So we run it. It happens real fast. A bunch of hands reaching in and grabbing, and moving kids around, and getting classrooms locked, and all that kind of stuff. Then we take a pause.

Then we come back for module two. Now, module two is ASIM the Active Shooter Incident Management checklist, where it is ... We go through that for the public safety responders, but also for the school people to understand what all has to happen on the public safety response side, and the criticality of the sequencing of some of that, and how that matters.

We run through that relatively short lecture, get everybody back up, back over to the board, where it's in the condition where they left it earlier. So we're going to pick it right back up where we left off. But now, the public safety people are coming up around the board, and the school people are looking a little more at that transition that happens in real life. "Okay. We've placed our campus in lockdown. Here come law enforcement. We see fire and EMS piling up in the parking lot. What's this going to look like? How's this going to work?"

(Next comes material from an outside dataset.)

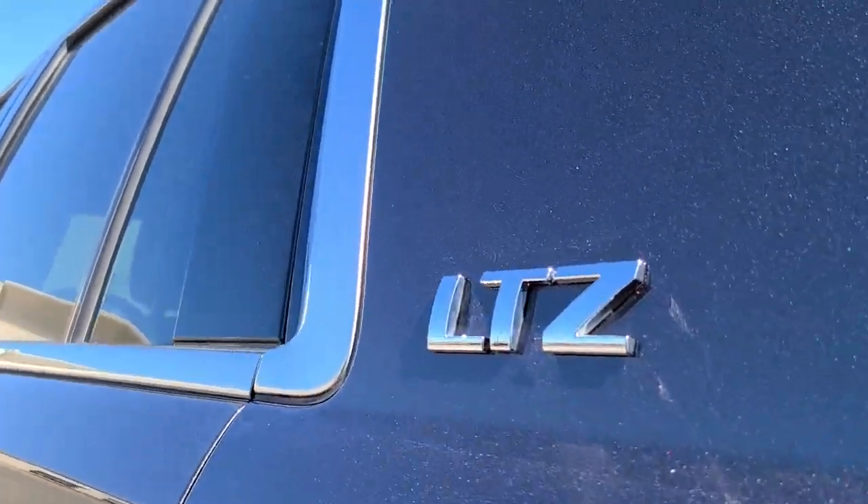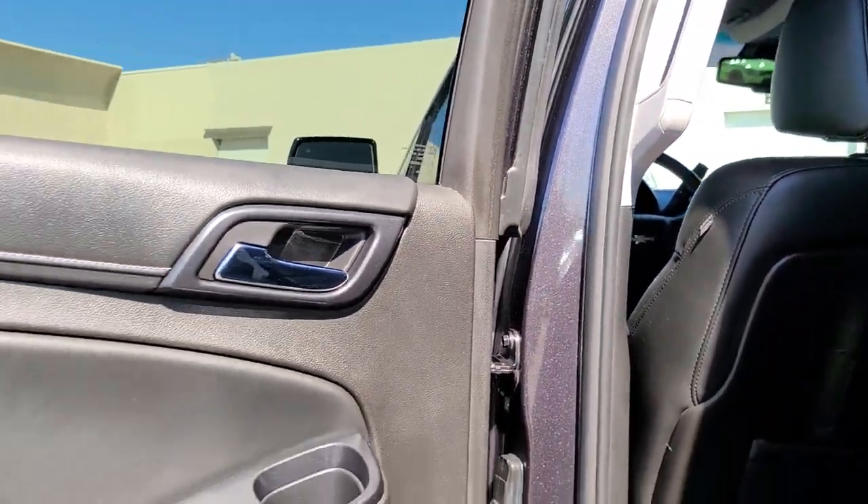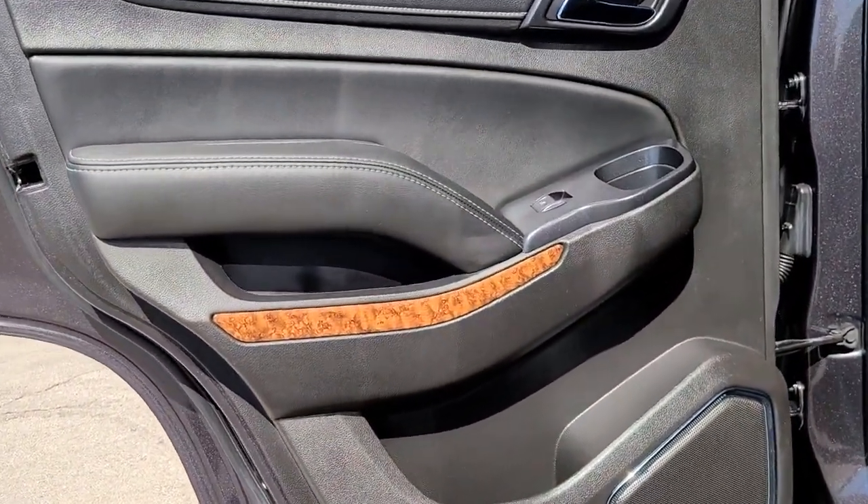Getting the job done feels good. Getting it done in upscale comfort feels even better. Drive the Tahoe.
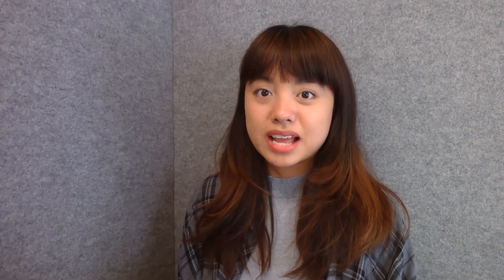As an incoming student, if you are curious about anything else that's happening, there are plenty of opportunities like this at UCLA. If you'd like more information on anything I've discussed today, please feel free to contact me directly or visit our website at tdg.ucla.edu. While you're there, you may also want to sign up for our newsletter, which mentions upcoming news, events, and webinars.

So then that exercise unfolds, with public safety leading that part of it through the neutralization of the threat, which may mean taking the threat down or the threat leaves the campus, whatever the scenario calls for. Then the rescue and transport of those that are injured. We run that scenario until the last patient is transported. Then we call a timeout.

Then we go back for the third and final module, which you've already alluded to John-Michael, which is the Standard Reunification Method, where we talk about the importance of going through that process. You want to highlight a little bit about that?

John-Michael Keyes:

Yeah. What we've seen in the past is school districts often have a what we call Plan B regarding reunification. Plan B is to wing it. Okay? It doesn't happen often enough, but when it does happen, it's important that we do it well, that we account for students and staff, that we accommodate any potential psychological first aid, and that there's a process in place that manages the experience of parents as they're effectively standing in line waiting to get their kid.

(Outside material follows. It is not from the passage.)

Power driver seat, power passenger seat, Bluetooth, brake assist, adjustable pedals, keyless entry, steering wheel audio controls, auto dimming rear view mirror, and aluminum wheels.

The Standard Reunification Method is based on practices that are proven in the field in accomplishing those goals of managing parents expectations and experience while waiting to get the kids, methods to accelerate that process and still accommodate for any trauma demands that might be there.

We've got paper versions of it, and a number of software vendors have incorporated this into an automated system where we can leverage some of the computer system technology that exists.

But the whole point is let's get a parent back with a student with accountability, and let's have a process to attempt to quickly identify any missing students, and a mechanism to provide support for parents if students are missing.

Bill Godfrey:

Spot on. So we do that lecture, which, again, doesn't take a long time. It's fairly brief and to the point. Then we get everybody back up over to the boards. This is where it really starts to get interesting, because now, for the first time, you've got public safety, who is controlling the campus ...

Sometimes that's a little bit of a shock to some school folks to realize that law enforcement has got their campus secured, and you're not just going to pop your head out of a classroom and go walking down the hallway, that there's a series of events that has to unfold here.

One of the first challenges is just trying to get everybody to understand who is responsible for what, and how to self-organize themselves into the incident management system that is going to unfold this thing the rest of the way. That's an interesting dialogue that happens right off the bat is to get people in those roles, and then figure out exactly what you're going to do.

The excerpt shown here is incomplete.